Cantankerous in the classroom and contrarian as a critic, Yvor Winters proved a peerless mentor for some of America's best-known poets and writers.

November/December 2000

Reading time min

True to his Word

Courtesy Kenneth Fields

Yvor Winters cut a giant's figure: he stood out from the crowd and was often viewed with awe--or, occasionally, near-loathing. Whatever the reaction, seemingly no one whom Winters touched as a poet, critic, colleague or teacher could remain indifferent to his passionate convictions about poetry. And in a working life that spanned half a century of American letters and four decades in Stanford's English department, he touched many people. Some of them are among those celebrating his centenary in a public symposium in mid-November (see sidebar, page 87). English professor Kenneth Fields, PhD '67, who studied with him and later became his collaborator, reflects on the Winters legacy.
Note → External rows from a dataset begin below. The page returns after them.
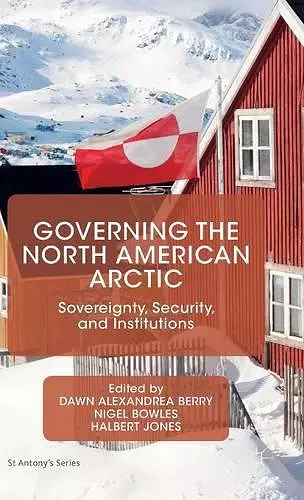 Governing the North American Arctic cover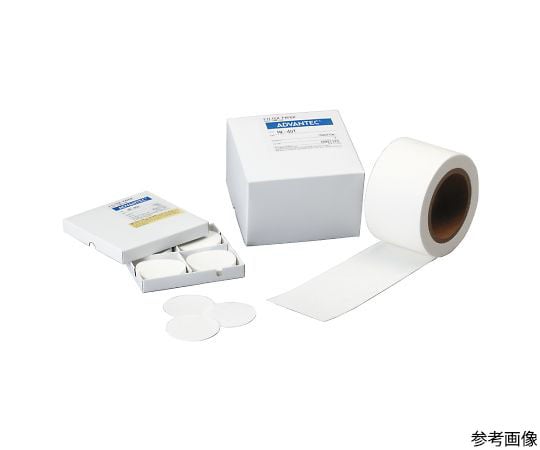 Dust monitor filter paper HE-40T 60mm 100 sheets 36561060 1 box (100 sheets)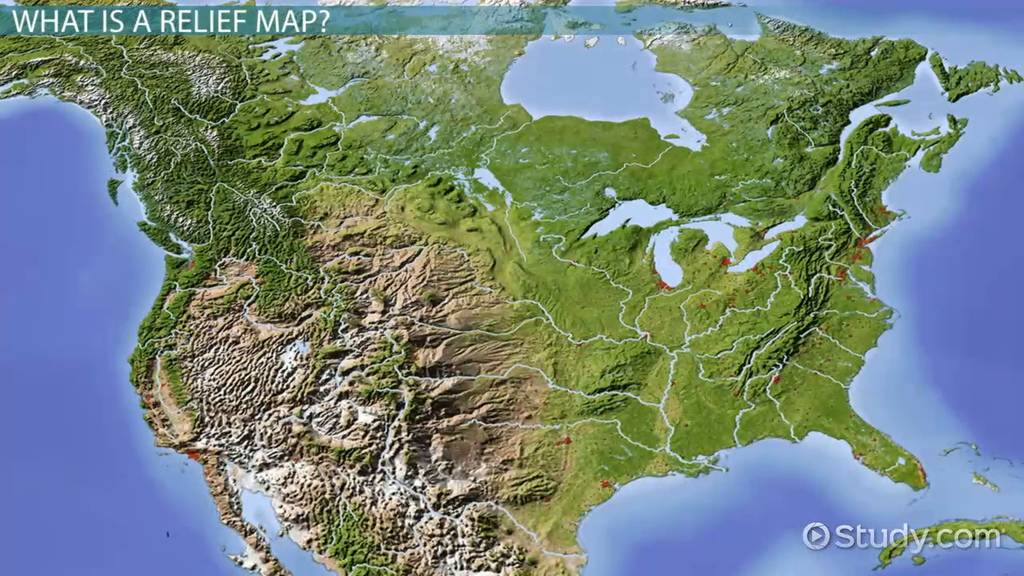 physical map definition and example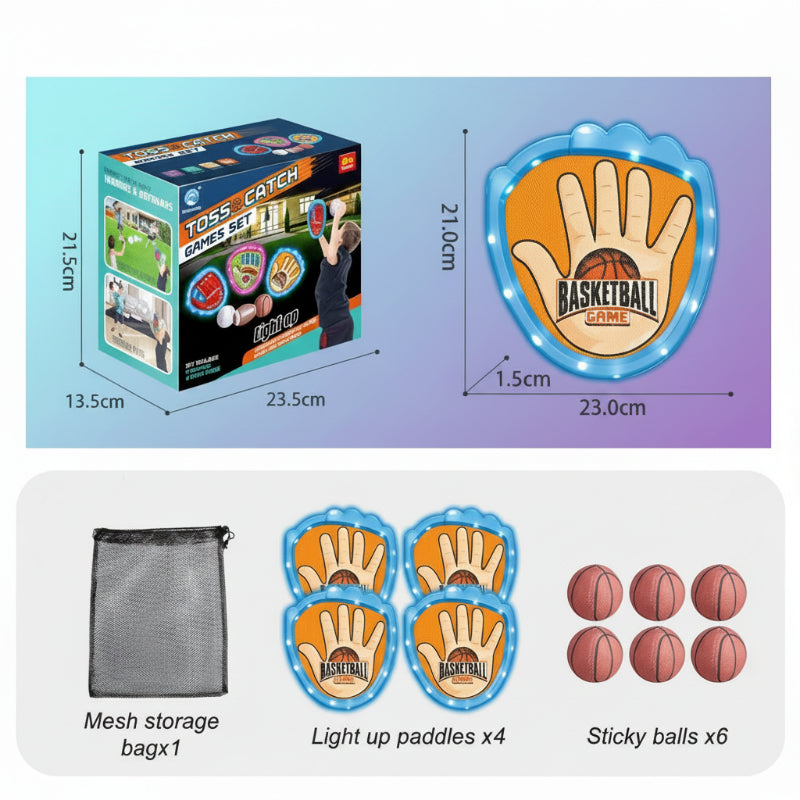 FlexiCatch – Myke og lekne – Sticky Sportballer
Yvor Winters wrote with such decisive genius that his reputation nearly coincides with his first publications. In the March 1922 issue of Poetry: A Magazine of Verse, the most important poetry journal of the day, a correspondent complained, "Everybody is sentimental, even Mr. Yvor Winters." He was referring to an essay published the previous month, in which Winters, still a very young man, praised writers who had not yet become part of our canon--Ezra Pound, Hilda Doolittle, Robert Frost, Marianne Moore--and made a characteristic, brilliant remark about Emily Dickinson, "one of the greatest poets of our language." She was, he wrote admiringly, "a terrible woman, who annihilated God as if he were her neighbor, and her neighbor as if he were God."

The letter writer, Baker Brownell, objected with some justice to what appeared to be Winters's aesthetic of fragmentation, that is, his habit of isolating individual lines and passages. As if to correct him, Brownell maintained that the two most distinguished poets of the day were Carl Sandburg and Rabindranath Tagore.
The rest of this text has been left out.